As shown by the graphs in FIGS. 6-7, the researchers compared the performance of one or more embodiments of the user-entity differential privacy system 106 (labeled “UeDP”) with various other models, including both noiseless and privacy-preserving mechanism (either user level or entity level). For instance, the graphs show comparisons with the User-level DP model described in McMahan et al., 2017, referenced above. Further, the graphs show a comparison with the De-Identification model used for protecting sensitive entities as described in Dernoncourt, F. et al., De-identification of Patient Notes with Recurrent Neural Networks, Journal of the American Medical Informatics Association, 24(3):596-606, 2017. The graphs also show a comparison with the noiseless ASGD Weight-Dropped LSTM model (labelled “Noiseless AWD-LSTM”) described in Merity, S. et al., Regularizing and Optimizing LSTM Language Models, arXiv preprint arXiv: 1708.02182, 2017. To researchers applied the UeDP, User-level DP, and De-Identification approaches to the Noiseless AWD-LSTM model during the training process.

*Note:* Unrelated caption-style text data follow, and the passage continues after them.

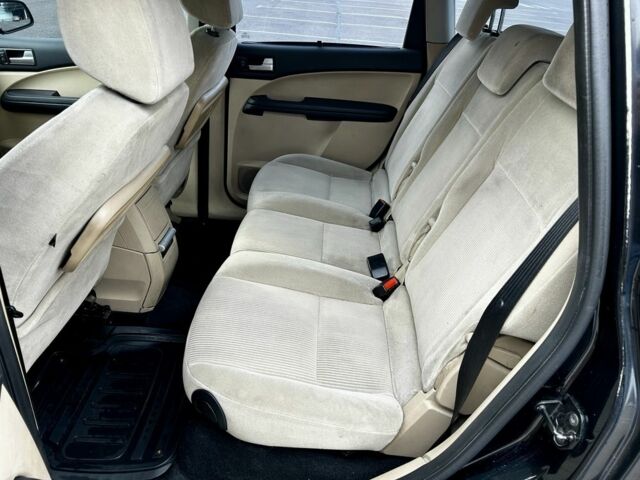 Чорний Форд Сі-Макс, об'ємом двигуна 2 л та пробігом 210 тис. км за 4250 $, фото 6 на Automoto.ua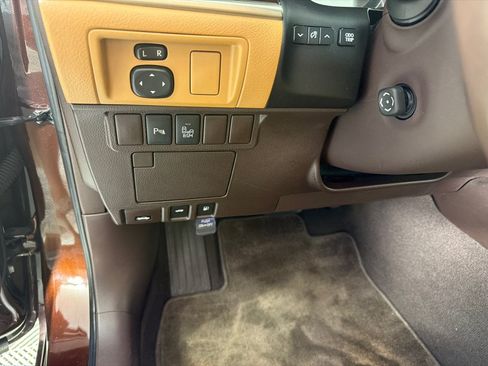 Used 2016 Lexus ES 350 w/ Premium Package w/Wood Trim FWD image 14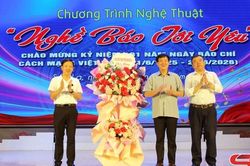 Đêm nghệ thuật 'Nghề báo tôi yêu'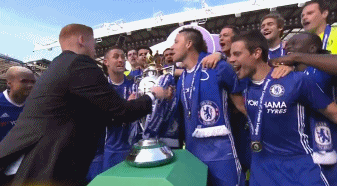 切尔西赛后领取冠军奖杯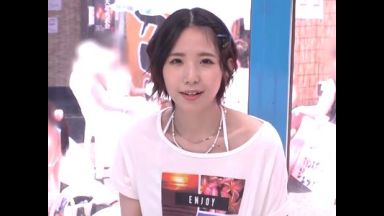 『あんま経験ないのに…』海でナンパしたショートカット水着美少女JDが童貞のフリした絶倫男優に激ピストンされエビ反りアクメ！のthumbnail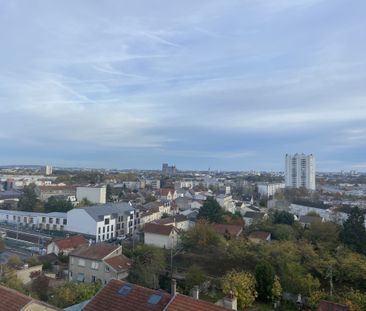 Appartement RUE HOURELLE - Photo 2
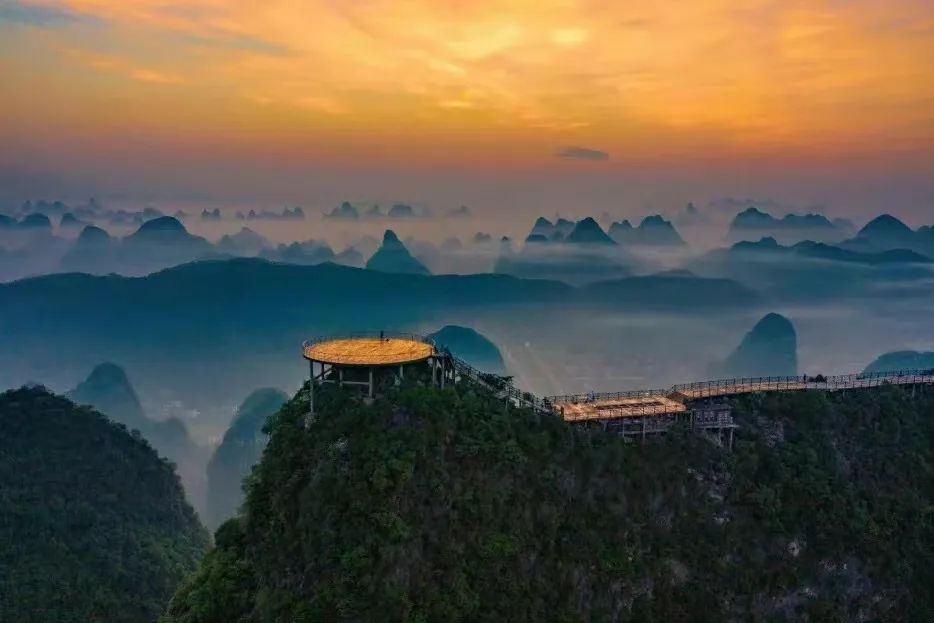 回到早睡早起的日子,回老家朝九晚五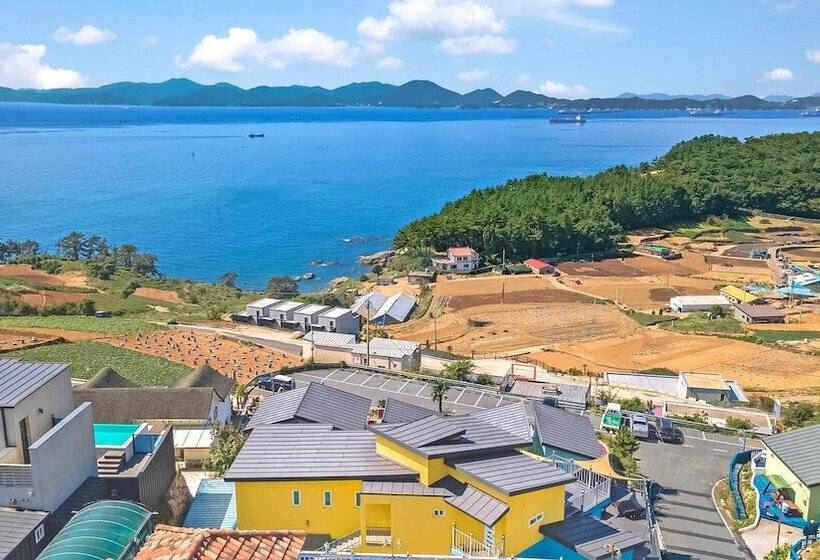Namhae Gooreamyelmae Pension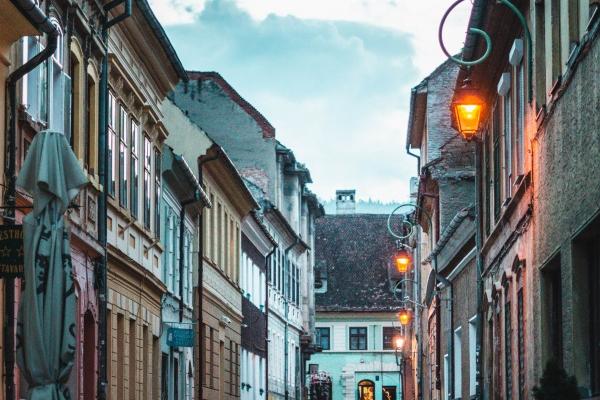 梦到坐中巴车是凶兆还是吉兆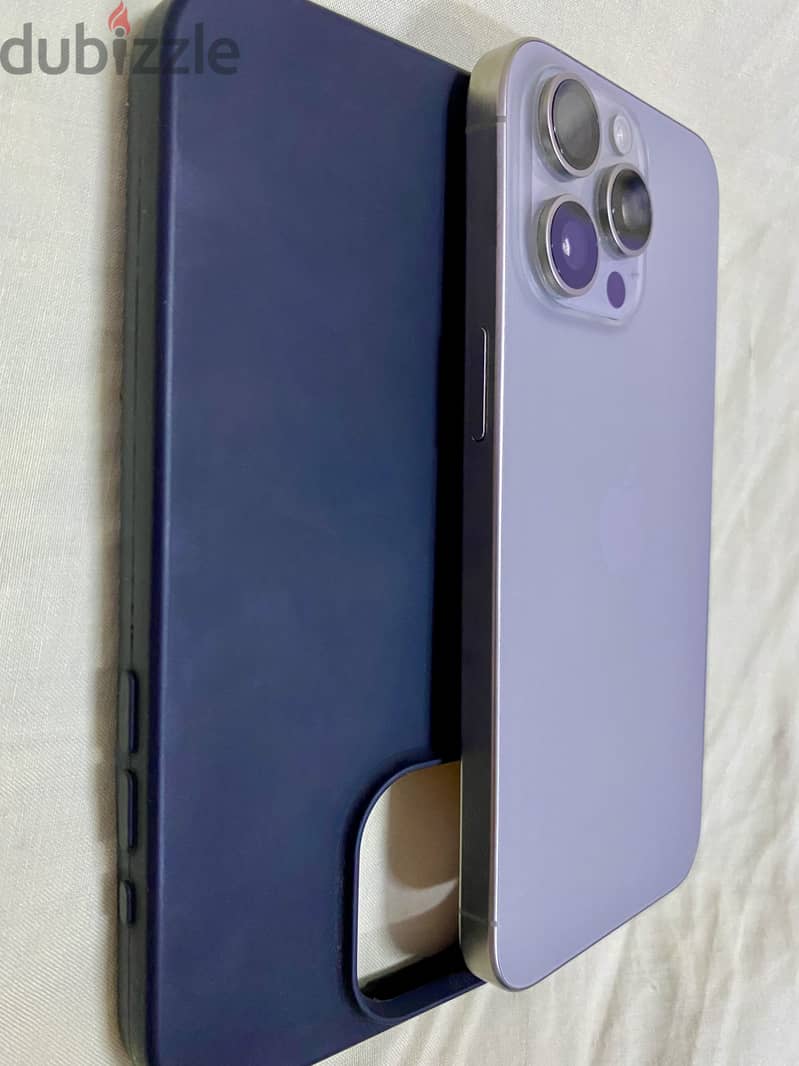 Apple - iPhone 15 Pro Max 1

The graphs of FIG. 6 compare the privacy budget consumed by one or more embodiments of the user-entity differential privacy system 106 to the privacy budget consumed by the User-level DP model through various iterations of training a model where δ=10⁻⁵. In particular, the graphs of FIG. 6 illustrate performance of the one or more embodiments of the user-entity differential privacy system 106 where the set of sensitive entities targeted for protection include (i) organization entities, (ii) person entities, and (iii) all entities represented within the CONLL-2003 dataset.

As shown by the graphs of FIG. 6, the user-entity differential privacy system 106 achieves a tighter privacy budget than the User-level DP model in all scenarios. As discussed above, a smaller privacy budget (represented as E in equation 2) corresponds to a stronger privacy guarantee. Accordingly, the graphs of FIG. 6 illustrate that the user-entity differential privacy system 106 provides more robust security of the data used to train a model. As further shown, the gap between the privacy budget consumed by each model increases proportionally with the number of training steps, indicating that the user-entity differential privacy system 106 operates more efficiently with regards to the privacy budget in scenarios where more lengthy training is utilized. This is particularly noteworthy as the user-entity differential privacy system 106 provides protection for both user participation information as well as sensitive entities while the User-level DP model only provides user protection.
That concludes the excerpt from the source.